Gather every line from the entries below that includes "treatment".

BEGIN Dataset entries

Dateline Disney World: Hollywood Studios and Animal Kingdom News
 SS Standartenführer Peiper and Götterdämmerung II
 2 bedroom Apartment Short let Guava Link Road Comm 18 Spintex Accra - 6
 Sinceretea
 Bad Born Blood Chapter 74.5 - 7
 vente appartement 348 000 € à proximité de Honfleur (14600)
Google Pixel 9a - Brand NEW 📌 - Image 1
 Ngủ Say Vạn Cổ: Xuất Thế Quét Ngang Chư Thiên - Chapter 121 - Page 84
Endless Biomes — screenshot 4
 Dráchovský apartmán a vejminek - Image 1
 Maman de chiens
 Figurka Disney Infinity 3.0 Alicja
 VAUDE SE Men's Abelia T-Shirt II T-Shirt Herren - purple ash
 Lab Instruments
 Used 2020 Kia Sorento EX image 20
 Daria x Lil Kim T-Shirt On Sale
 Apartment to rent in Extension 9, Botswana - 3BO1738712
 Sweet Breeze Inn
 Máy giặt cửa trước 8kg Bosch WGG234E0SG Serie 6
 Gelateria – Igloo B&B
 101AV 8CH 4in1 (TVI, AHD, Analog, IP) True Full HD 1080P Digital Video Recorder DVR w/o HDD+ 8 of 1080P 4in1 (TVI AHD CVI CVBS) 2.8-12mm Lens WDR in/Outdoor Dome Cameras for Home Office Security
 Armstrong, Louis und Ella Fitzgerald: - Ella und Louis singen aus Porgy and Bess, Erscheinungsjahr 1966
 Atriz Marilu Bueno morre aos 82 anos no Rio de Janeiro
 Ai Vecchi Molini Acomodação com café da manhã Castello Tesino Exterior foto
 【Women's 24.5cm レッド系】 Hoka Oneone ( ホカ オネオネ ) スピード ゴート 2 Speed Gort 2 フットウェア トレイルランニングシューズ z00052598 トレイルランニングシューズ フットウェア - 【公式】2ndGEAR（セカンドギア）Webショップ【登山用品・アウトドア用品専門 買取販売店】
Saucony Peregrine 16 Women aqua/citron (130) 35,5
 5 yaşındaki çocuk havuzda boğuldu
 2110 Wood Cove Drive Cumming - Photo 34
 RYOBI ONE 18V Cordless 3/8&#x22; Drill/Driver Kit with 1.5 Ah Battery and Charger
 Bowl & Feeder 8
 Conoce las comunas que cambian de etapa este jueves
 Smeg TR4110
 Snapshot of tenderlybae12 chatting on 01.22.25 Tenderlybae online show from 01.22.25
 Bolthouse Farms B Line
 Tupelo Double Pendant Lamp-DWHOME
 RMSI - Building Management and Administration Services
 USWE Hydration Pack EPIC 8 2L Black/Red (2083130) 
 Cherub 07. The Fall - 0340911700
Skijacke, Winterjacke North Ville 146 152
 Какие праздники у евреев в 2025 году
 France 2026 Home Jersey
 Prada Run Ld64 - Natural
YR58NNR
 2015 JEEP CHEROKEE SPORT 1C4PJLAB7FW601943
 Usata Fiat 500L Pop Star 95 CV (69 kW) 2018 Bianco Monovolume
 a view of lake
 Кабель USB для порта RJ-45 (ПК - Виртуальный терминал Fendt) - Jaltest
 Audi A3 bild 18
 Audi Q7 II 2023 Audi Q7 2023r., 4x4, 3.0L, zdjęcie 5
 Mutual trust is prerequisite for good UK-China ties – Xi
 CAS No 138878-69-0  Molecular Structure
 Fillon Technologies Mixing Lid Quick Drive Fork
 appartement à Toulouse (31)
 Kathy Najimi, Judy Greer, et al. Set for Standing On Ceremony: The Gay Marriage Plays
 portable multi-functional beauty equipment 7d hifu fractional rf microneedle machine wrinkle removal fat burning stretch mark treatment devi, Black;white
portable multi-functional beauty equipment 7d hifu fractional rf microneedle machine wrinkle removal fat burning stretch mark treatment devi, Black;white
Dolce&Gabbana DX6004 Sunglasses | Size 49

END Dataset entries

*Answer space*.
 portable multi-functional beauty equipment 7d hifu fractional rf microneedle machine wrinkle removal fat burning stretch mark treatment devi, Black;white
portable multi-functional beauty equipment 7d hifu fractional rf microneedle machine wrinkle removal fat burning stretch mark treatment devi, Black;white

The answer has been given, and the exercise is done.